§ Task details:
Beginning with the first line below, output every record verbatim and leave out the images.

Short web captions:
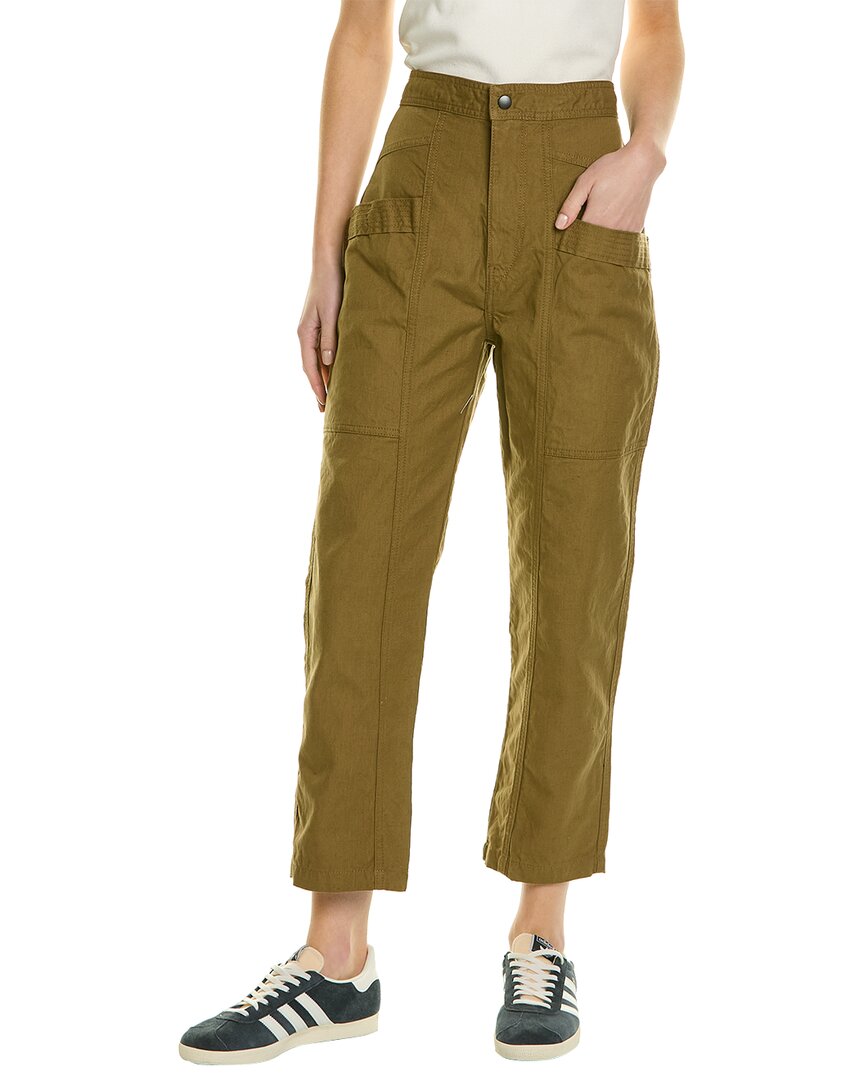 Shop Isabel Marant Étoile Pandore Linen-blend Pant In Green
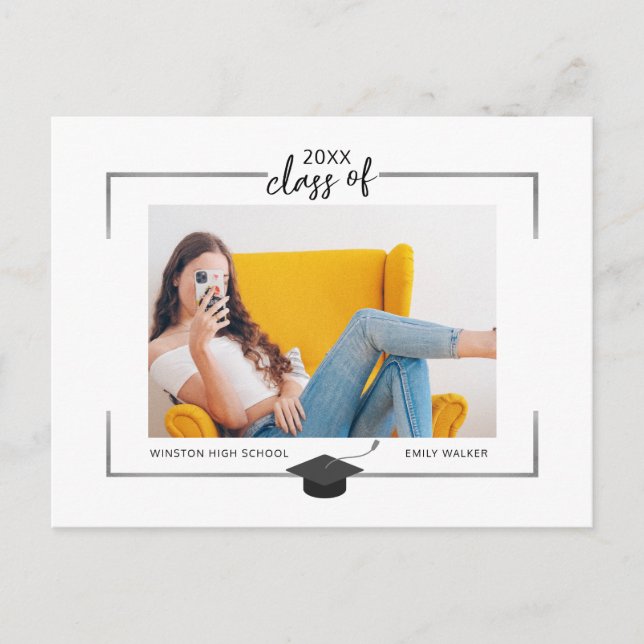 Silver Border Graduation Announcement Postcard (Front)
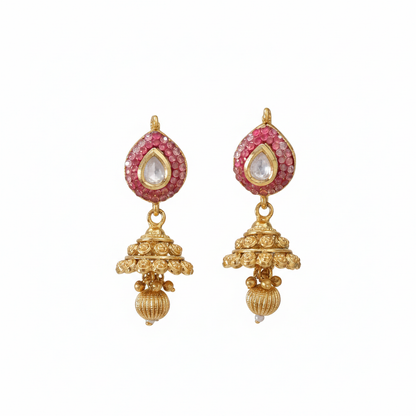Pink Thilak with White Kundan Stones Jhumka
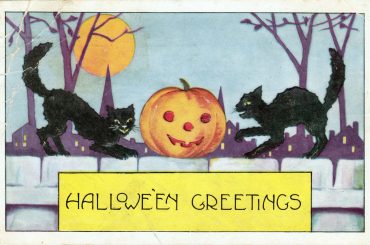 Halloween Greeting Card circa 1920; Pumpkin and Black Cats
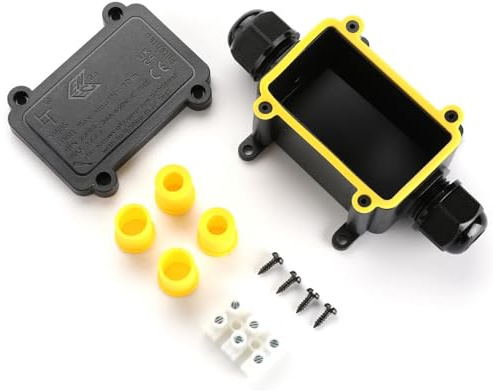 Lumonic 2-Wege Abzweigdose wasserdicht IP68 | schnelle, sichere Kabelverteilung | für Kabel 0,5-2,5mm² | UV-Beständig, -40°C bis+ 105°C | Verteilerdose für Outdoor, Garten, Erdkabel
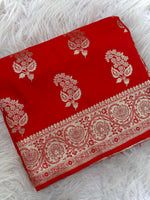 Load image into Gallery viewer, Lara Red Satin Silk Saree | Shoppers Trend
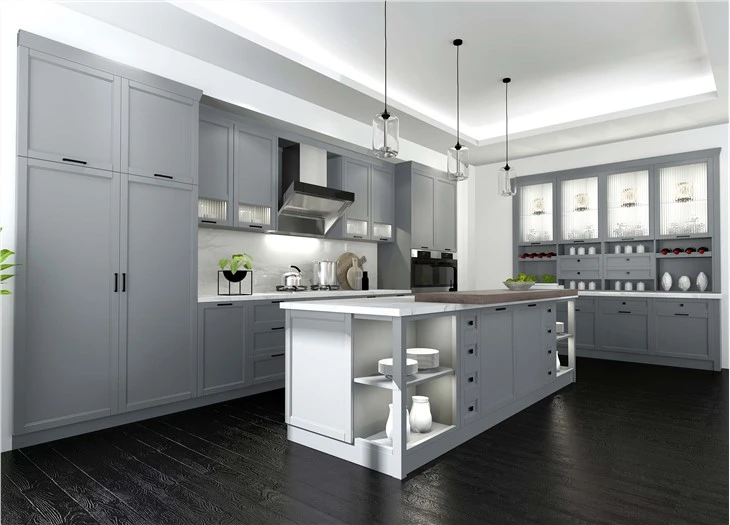 Kabinet dapur kayu pepejal kelabu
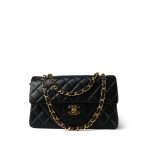 Black Lambskin Quilted Classic Flap Small Gold Hardware - Image 8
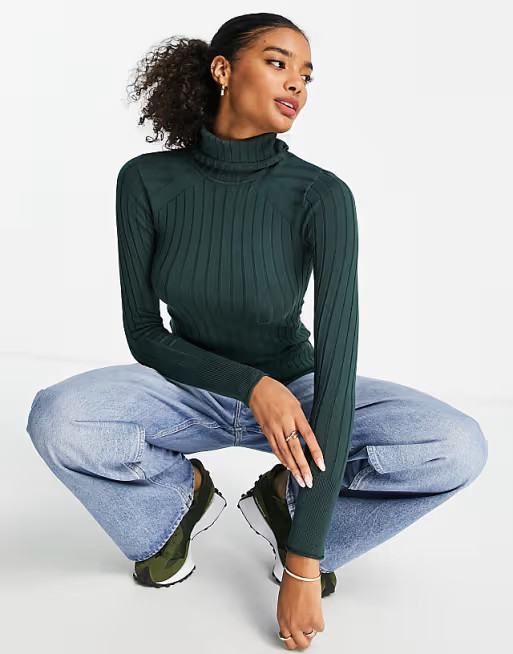 River Island roll neck wide rip jumper in dark green | ASOS (Global)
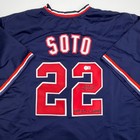 Autographed signed Juan Soto Washington Blue Baseball Jersey Beckett Coa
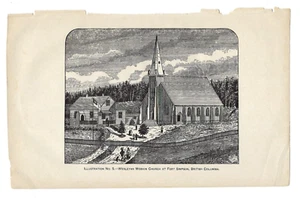 Antiker Druck Wesleyan Mission Church Fort Simpson British Columbia Kanada 1879 - Bild 1 von 2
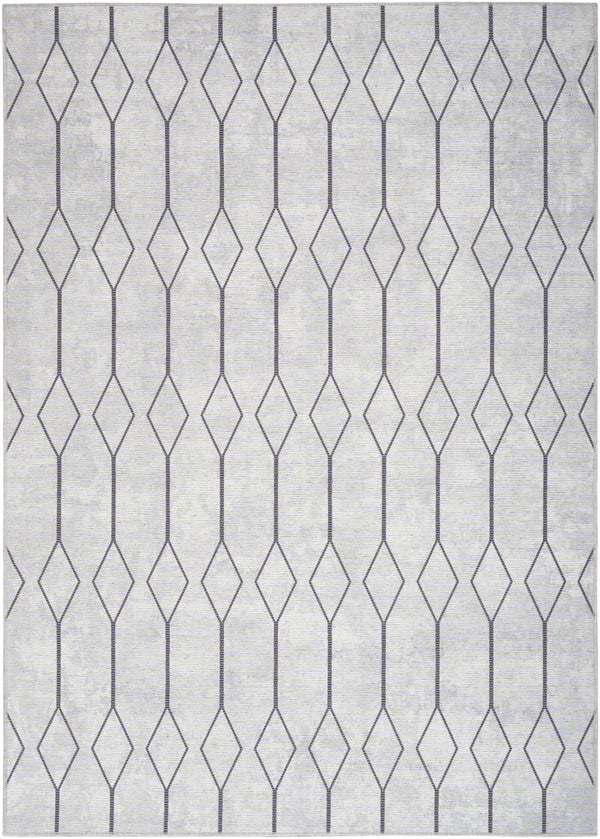 Homeroots 5' X 7' Gray And Ivory Geometric Power Loom Distressed Washable Area Rug  Cotton Blend 533009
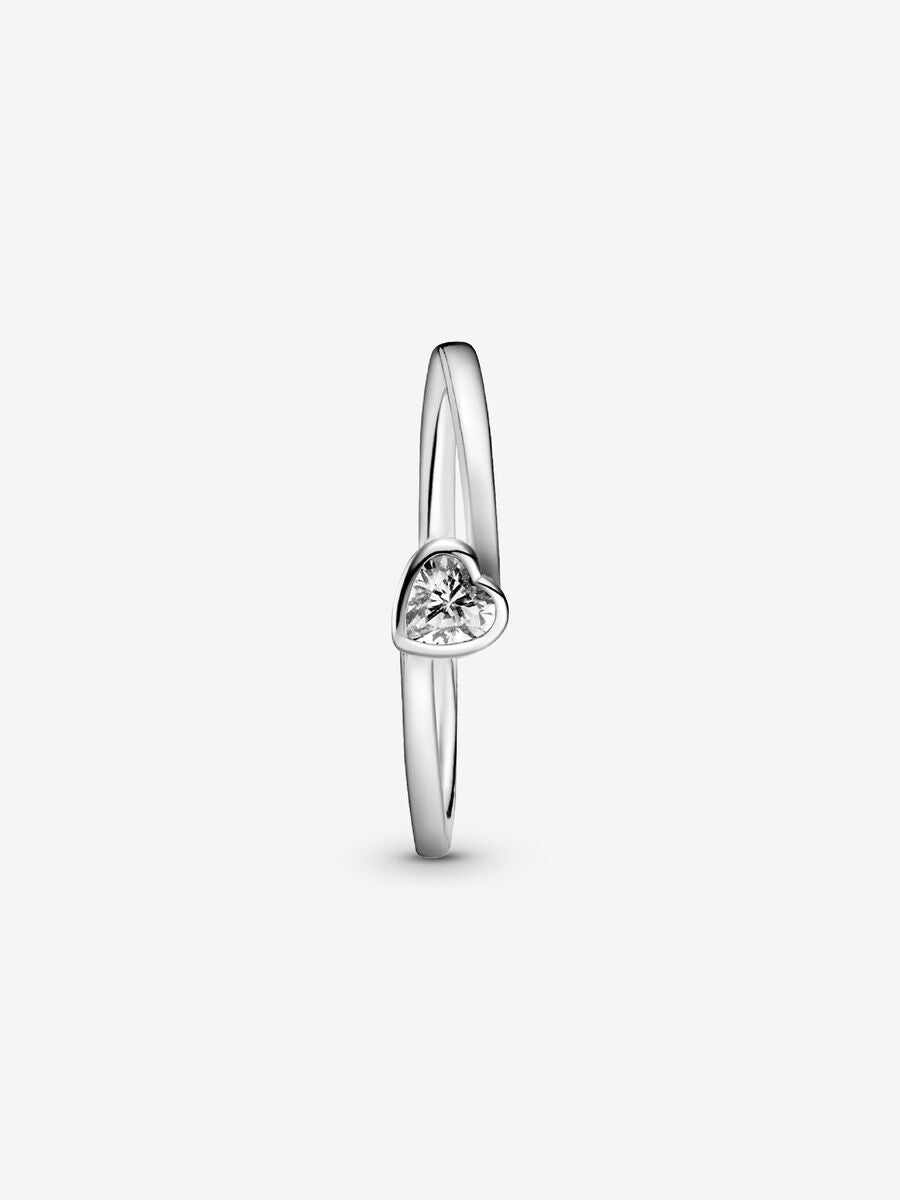 Bague à solitaire Cœur transparent incliné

§ Answer box:
 Shop Isabel Marant Étoile Pandore Linen-blend Pant In Green
 Silver Border Graduation Announcement Postcard (Front)
Pink Thilak with White Kundan Stones Jhumka
 Halloween Greeting Card circa 1920; Pumpkin and Black Cats
 Lumonic 2-Wege Abzweigdose wasserdicht IP68 | schnelle, sichere Kabelverteilung | für Kabel 0,5-2,5mm² | UV-Beständig, -40°C bis+ 105°C | Verteilerdose für Outdoor, Garten, Erdkabel
 Load image into Gallery viewer, Lara Red Satin Silk Saree | Shoppers Trend
 Kabinet dapur kayu pepejal kelabu
 Black Lambskin Quilted Classic Flap Small Gold Hardware - Image 8
 River Island roll neck wide rip jumper in dark green | ASOS (Global)
 Autographed signed Juan Soto Washington Blue Baseball Jersey Beckett Coa
 Antiker Druck Wesleyan Mission Church Fort Simpson British Columbia Kanada 1879 - Bild 1 von 2
 Homeroots 5' X 7' Gray And Ivory Geometric Power Loom Distressed Washable Area Rug  Cotton Blend 533009
 Bague à solitaire Cœur transparent incliné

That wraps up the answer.